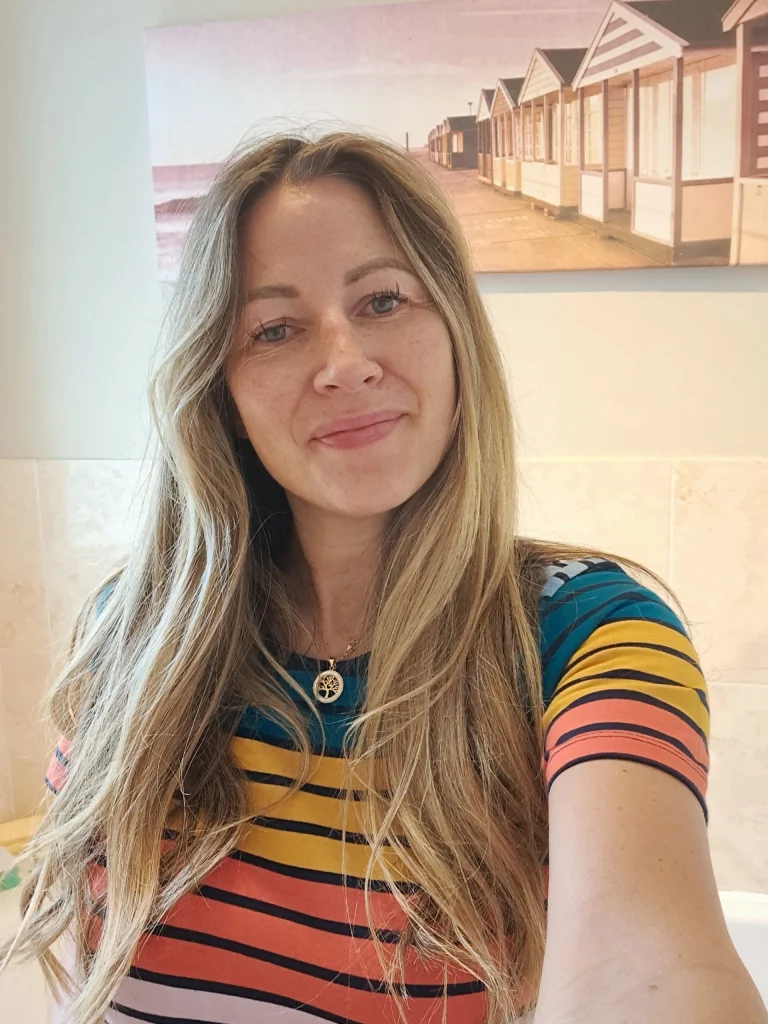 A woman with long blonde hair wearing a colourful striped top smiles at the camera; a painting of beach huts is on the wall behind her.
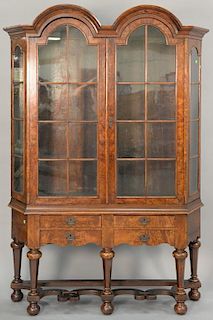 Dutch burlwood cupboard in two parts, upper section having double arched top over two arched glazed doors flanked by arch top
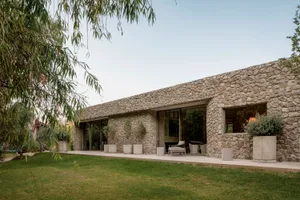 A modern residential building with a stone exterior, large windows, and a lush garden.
● ● ●
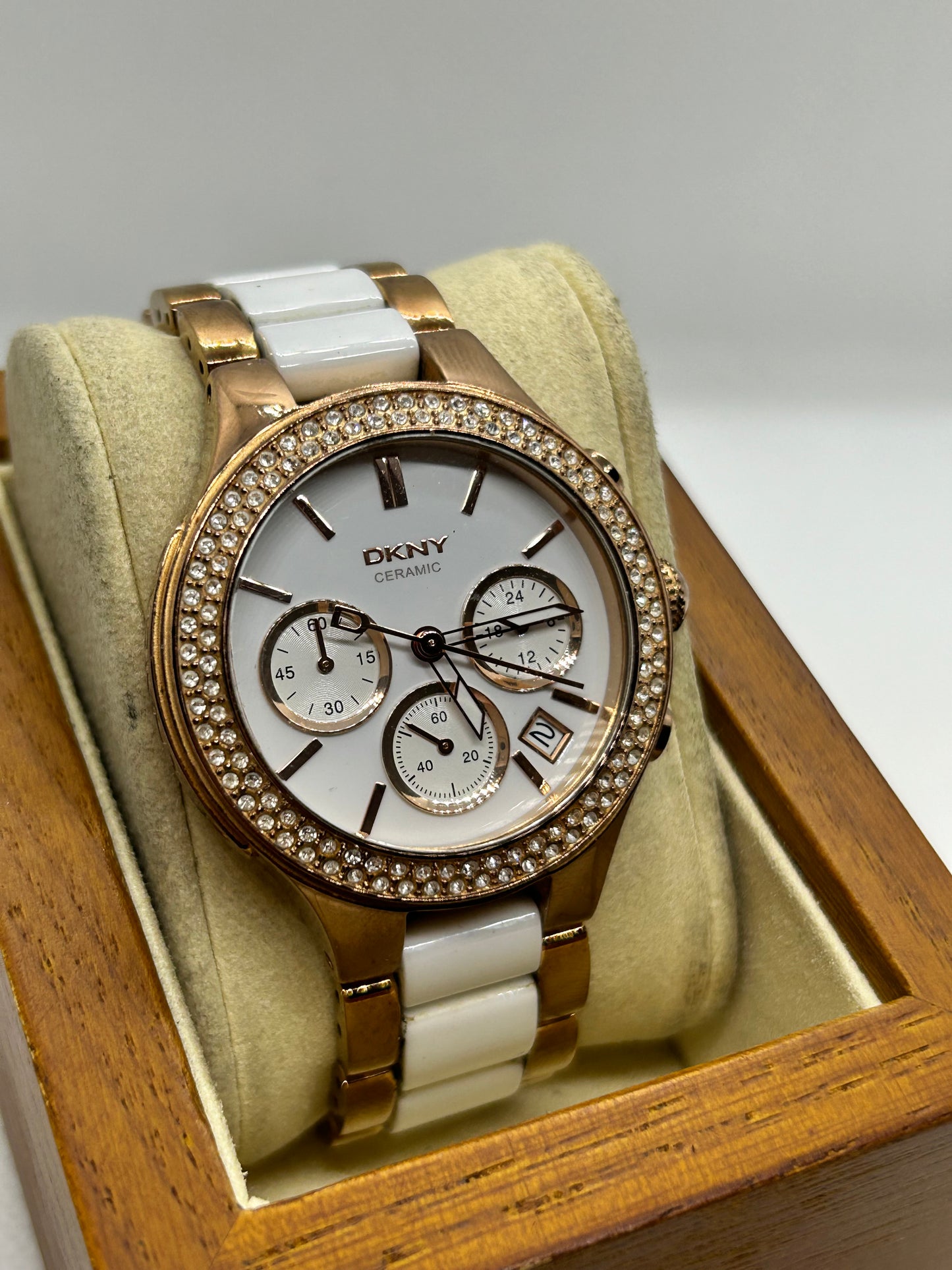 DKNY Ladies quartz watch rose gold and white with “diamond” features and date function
● ● ●
AIM OF THE TASK
Could the stretch from the line with "Dutch burlwood cupboard" through the line with "A modern residential" in the listing above be restated word for word, minus the pictures?

ANSWER TO THIS PROBLEM
 Dutch burlwood cupboard in two parts, upper section having double arched top over two arched glazed doors flanked by arch top
 A modern residential building with a stone exterior, large windows, and a lush garden.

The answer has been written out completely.